The use of super scripts as you have stated I believe is not very common in machine learning literature. I'd have to review Ng's course notes to confirm, but if he's putting that use there, I would say he would be origin of the proliferation of this notation. This is a possibility. Either way, not to be too unkind, but I don't think many of the online course students are publishing literature on machine learning, so this notation is not very common in the actual literature. After all, these are introductory courses in machine learning, not PhD level courses. 
What is very common with super scripts is to denote the iteration of an algorithm using super scripts. For example, you could write an iteration of Newton's method as 
θ(t+1)=θ(t)−H(θ(t))−1∇θ(t)
where H(θ(t)) is the Hessian and ∇θ(t) is the gradient. 
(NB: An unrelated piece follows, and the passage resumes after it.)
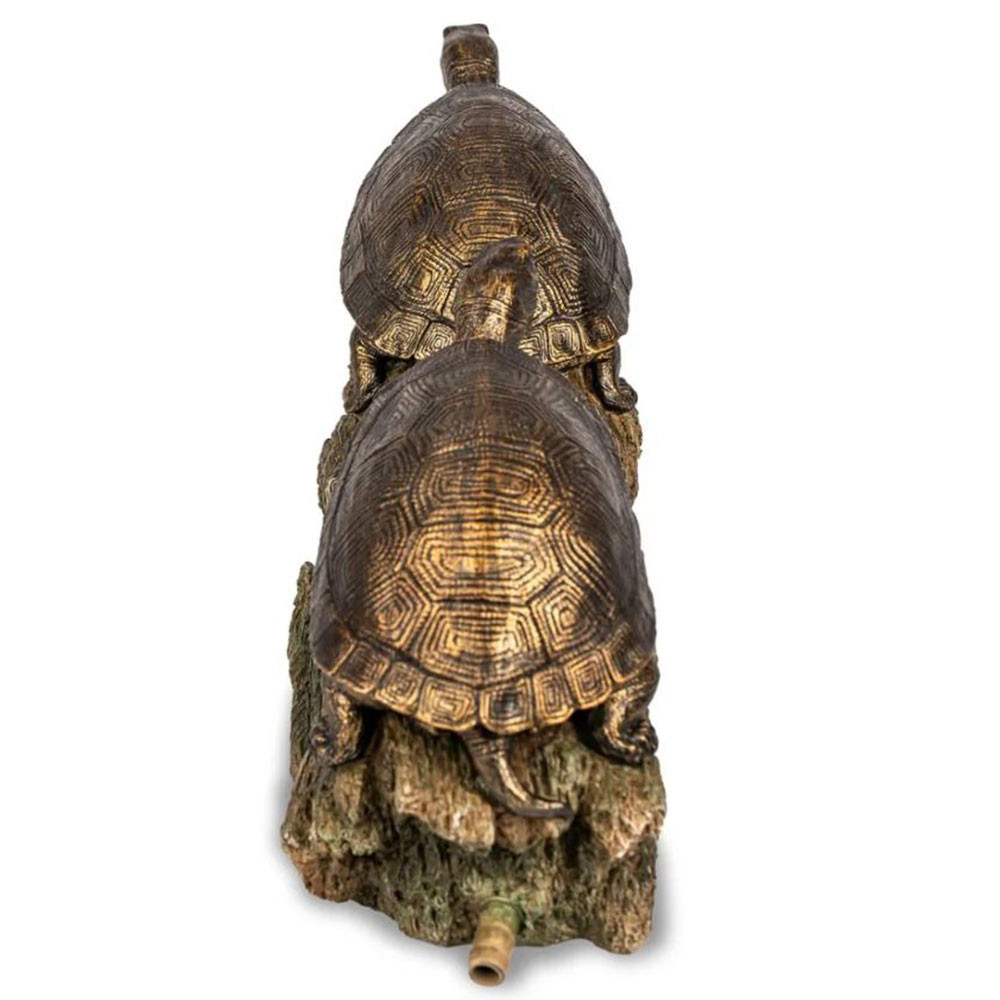 Aquascape Double Turtle on Log Spitter Back View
(...yes this is not quite the best way to implement Newton's method due to the inversion of the Hessian matrix...)
Here, θ(t) represents the value of θ in the tth iteration. This is the most common (but certainly not only) use of super scripts that I am aware of. 
EDIT:
To clarify, in the original question, it appeared to suggest that in the ML notation, x(i) was equivalent to statistic's xi notation. In my answer, I state that this is not truly prevalent in ML literature. This is true. However, as pointed out by @amoeba, there is plenty of superscript notation in ML literature for data, but in these cases x(i) does not typically mean the ith observation of a single vector x.